▶ [Excerpted records]

◇ ◇ ◇

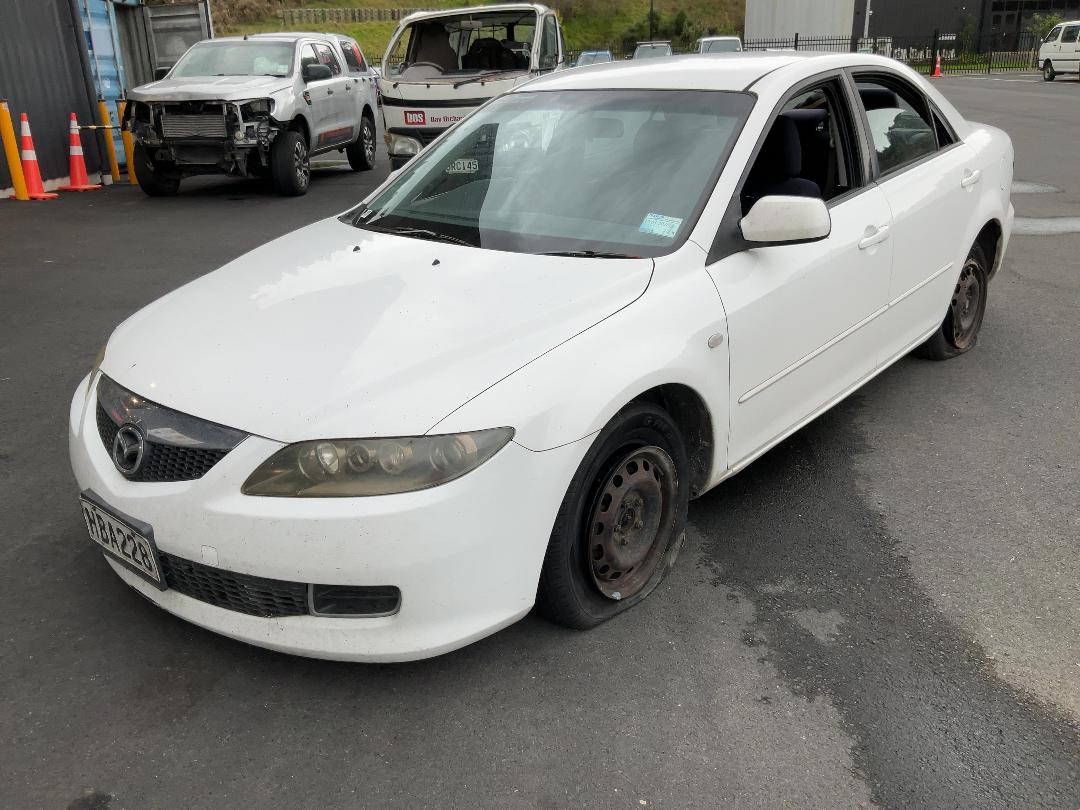 Photo '3' of Mazda Atenza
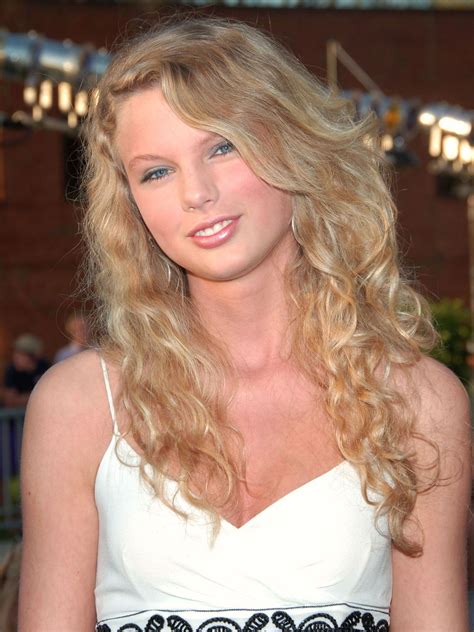 5 Best Taylor Swift Hair Looks Taylor Swifts Signature Hairstyles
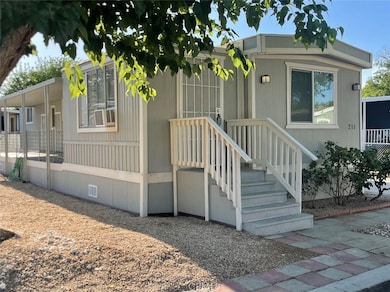 43850 20th St E unit Spc 211, Lancaster, CA 93535 - photo 2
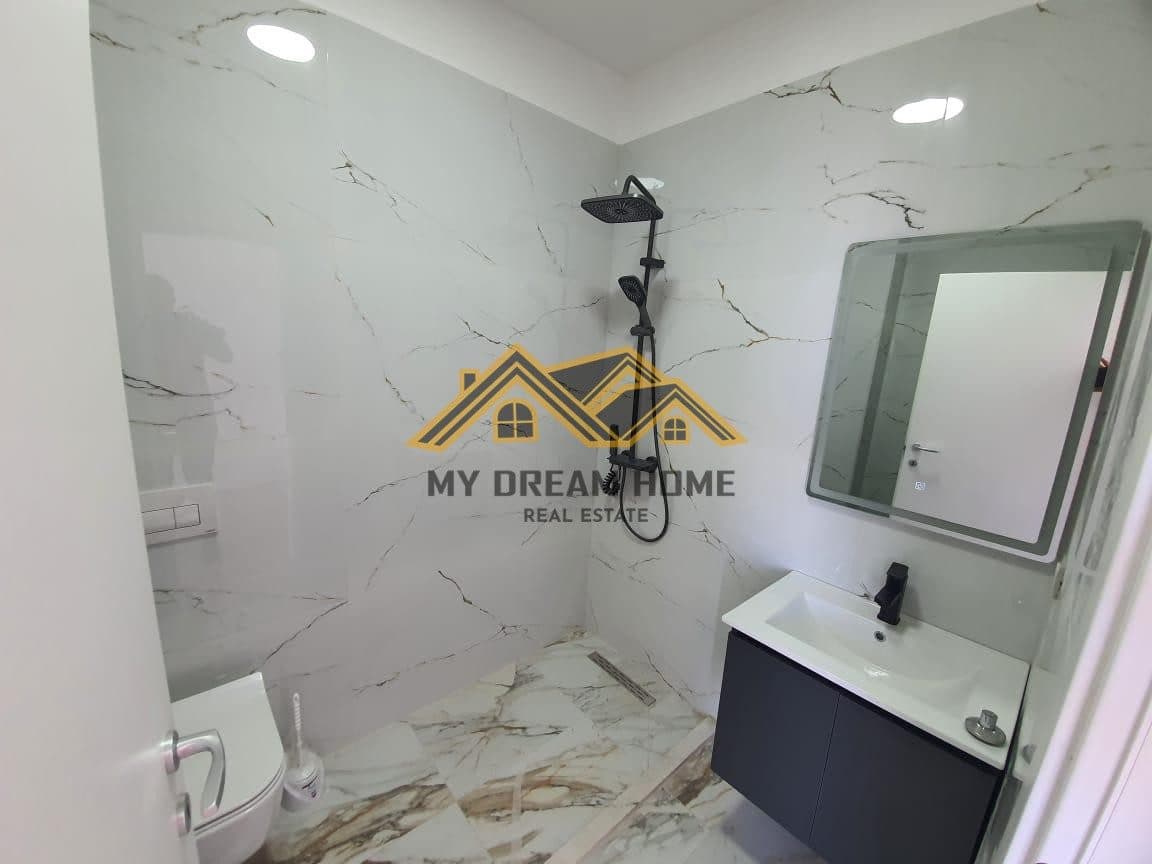 Shitet apartamenti 1+1 me pamje nga deti, Rrota e kuqe 4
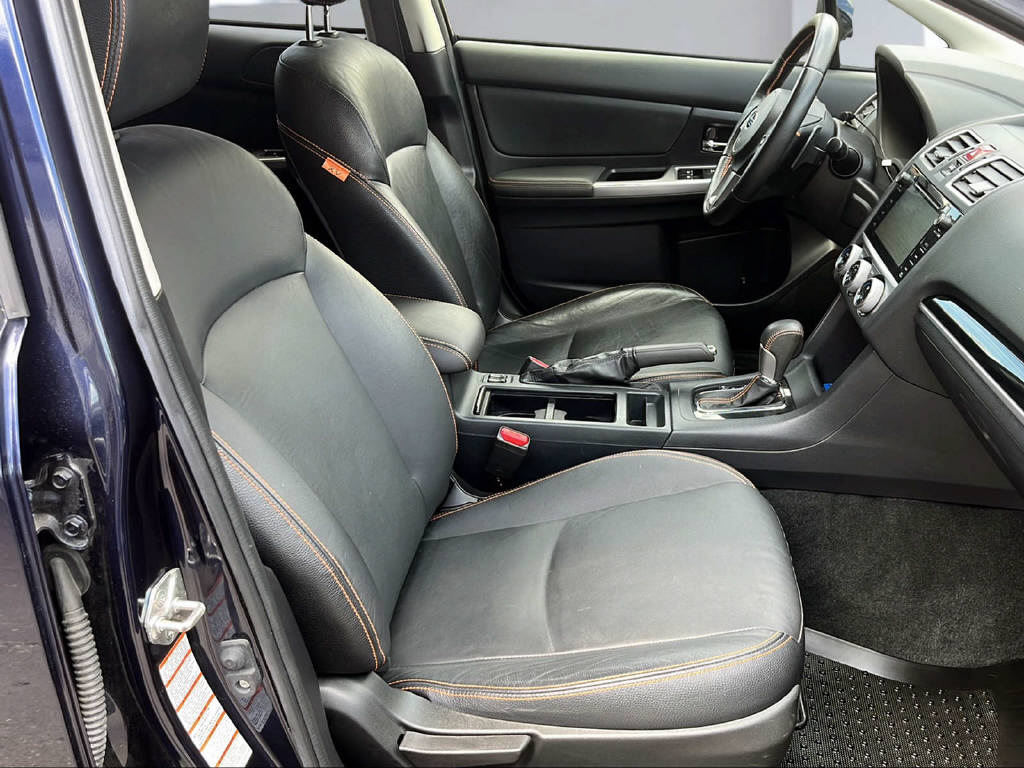 SUBARU XV 2.0i Swiss Three-image-17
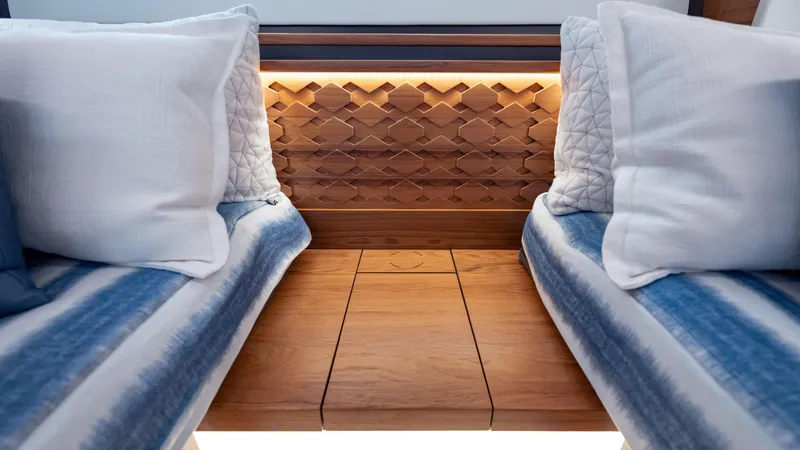 Slide: The Image of Tiara 48 LE 2024 - 85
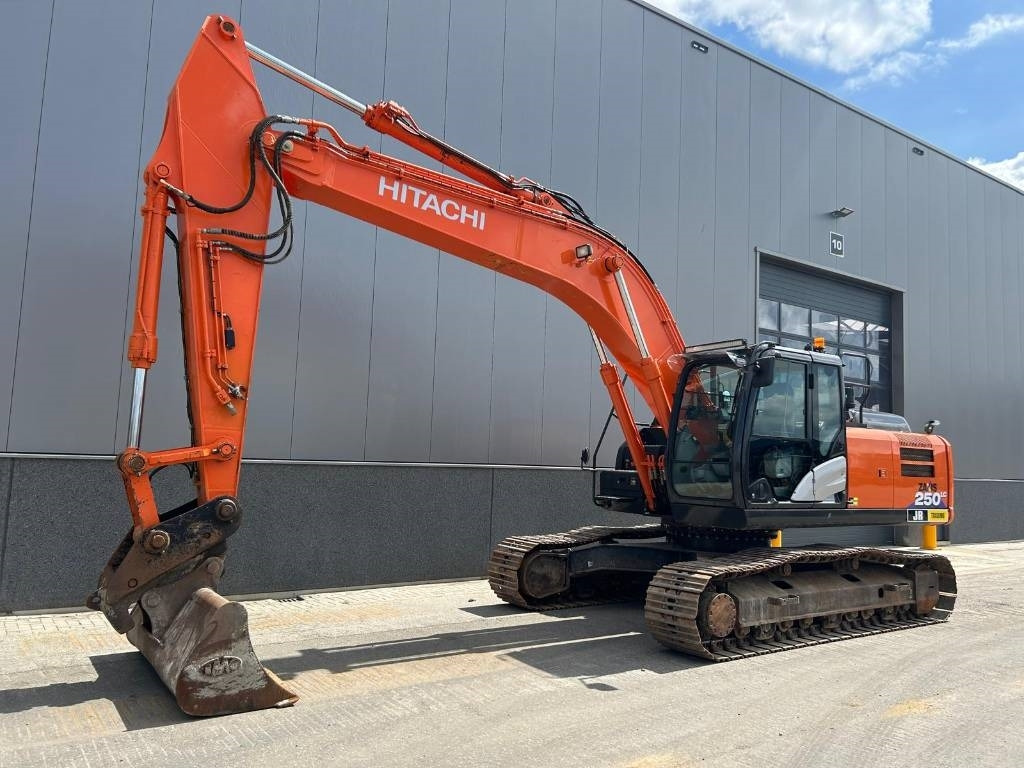 Hitachi ZX 250 LC-6 (GPS Prepared) - Lánctalpas kotró: 2 kép. Hitachi ZX 250 LC-6 (GPS Prepared) - Lánctalpas kotró: 2 kép.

◇ ◇ ◇

▶ [Problem description]
Working from the line with "Slide: The Image of Tiara 48 LE 2024 - 85" to the last line of the material above, repeat each line exactly and leave out the pictures.

▶ [Your response]
 Slide: The Image of Tiara 48 LE 2024 - 85
 Hitachi ZX 250 LC-6 (GPS Prepared) - Lánctalpas kotró: 2 kép. Hitachi ZX 250 LC-6 (GPS Prepared) - Lánctalpas kotró: 2 kép.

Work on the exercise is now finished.